EXERCISE: When the line with "101 Silver Leaf Ln, Baldwin City, KS 66006" appears below, start repeating lines exactly, and keep going through the line with "Szegeden, a Tisza"; add nothing outside that span.

RAW DATA:

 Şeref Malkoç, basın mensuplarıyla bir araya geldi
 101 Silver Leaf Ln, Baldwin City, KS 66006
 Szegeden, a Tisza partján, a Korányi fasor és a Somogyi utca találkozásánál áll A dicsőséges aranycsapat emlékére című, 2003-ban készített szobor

==

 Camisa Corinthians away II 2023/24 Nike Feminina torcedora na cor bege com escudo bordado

COMPLETED TASK:
 101 Silver Leaf Ln, Baldwin City, KS 66006
 Szegeden, a Tisza partján, a Korányi fasor és a Somogyi utca találkozásánál áll A dicsőséges aranycsapat emlékére című, 2003-ban készített szobor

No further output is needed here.